One of the underreported truths of this political season is that Barack Obama has run the tightest campaign operation since, well, the George W. Bush of 2000. By all accounts, it appears to be an organization thriving on sincere loyalty to the candidate, personal likeability among the senior staff, and an ironclad discipline preventing unauthorized leaks to the press—all traits flagrantly lacking in the Clinton campaign. From today's Politico, here's why:
Clinton tapped the ranks of Sen. Charles Schumer, a hard-driving New York Democrat, for a press shop that can be as aggressive and unforgiving as the one favored by their former boss. Obama drew from the slightly more sedate worlds of Kerry, former Sen. Tom Daschle (D-S.D.) and former Rep. Richard Gephardt (D-Mo.).

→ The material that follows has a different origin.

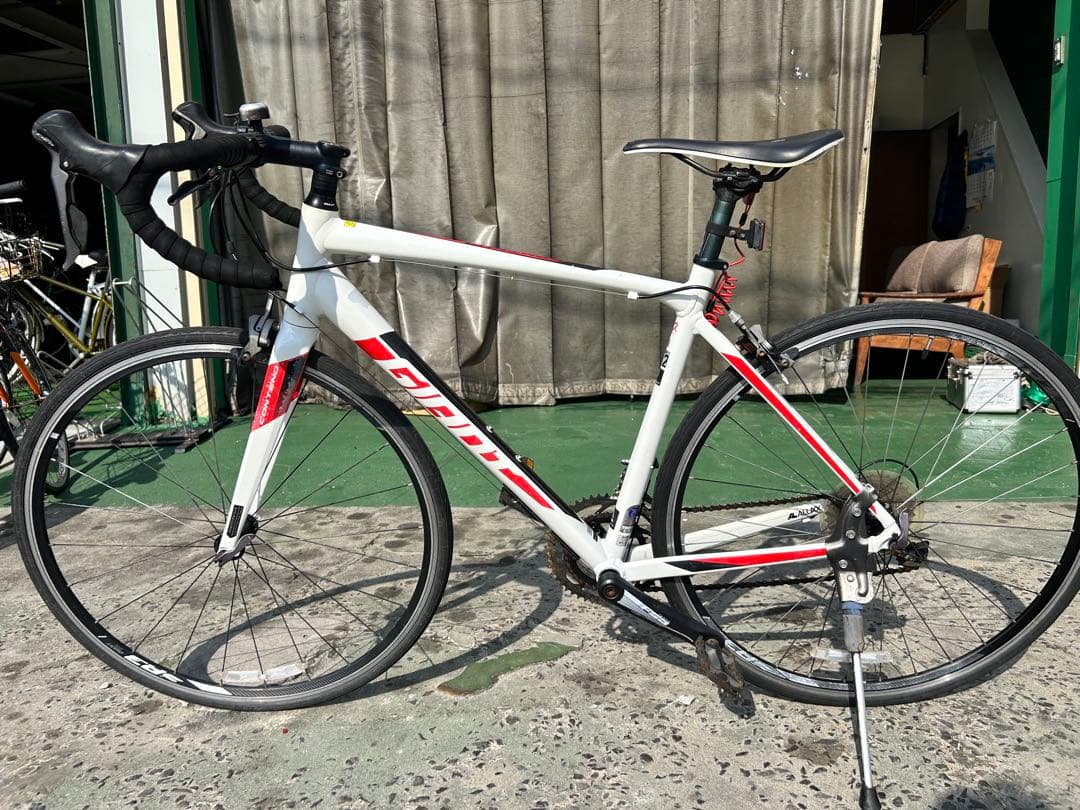 No.556 GIANT CONTEND 2 ロードバイク整備済み16速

Strategist Mark Penn, a veteran of the toughest White House battles of the 1990s, was deeply unpopular and a divisive presence within the Clinton campaign. Obama strategist David Axelrod is the anti-Penn. In the midst of Penn’s demotion earlier this month, one Obama aide in Chicago remarked to his colleagues about the low-key and well-liked Axelrod: “Do you know how lucky we are that he is our Mark Penn?”
Jim Margolis, Obama’s media consultant, said he had planned to take a pass on the presidential race in 2008. His first candidate, former Virginia Gov. Mark Warner, dropped out, and he had a rocky experience on Kerry’s 2004 campaign. But he ended up on the same plane one day with Axelrod and began to reconsider.

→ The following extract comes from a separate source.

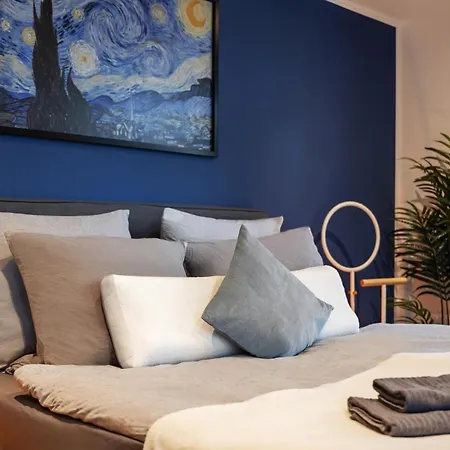 Apartament Edler Wohnraum Schlossteich-suite 3 Schlafzimmer Fuer 8 Gaeste Mit 2 Balkonen, Kamin, Siemens-kaffeevollautomat, Klima, Lift, 2 Parkplaetze & Wlan 226 Mbps Chemnitz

“You gotta come spend a little more time with Barack,” Axelrod told him.
“You know what these things are like,” Margolis said.
“There are no assholes,” Axelrod responded. “There are going to be no assholes on this campaign.”
When compared with the visionless, uninspired, money-hemorraghing, consultant-riddled behemoth that is the Clinton campaign, and when this kind of management style is projected onto the federal government, is it hard to guess which candidate would make a better chief executive?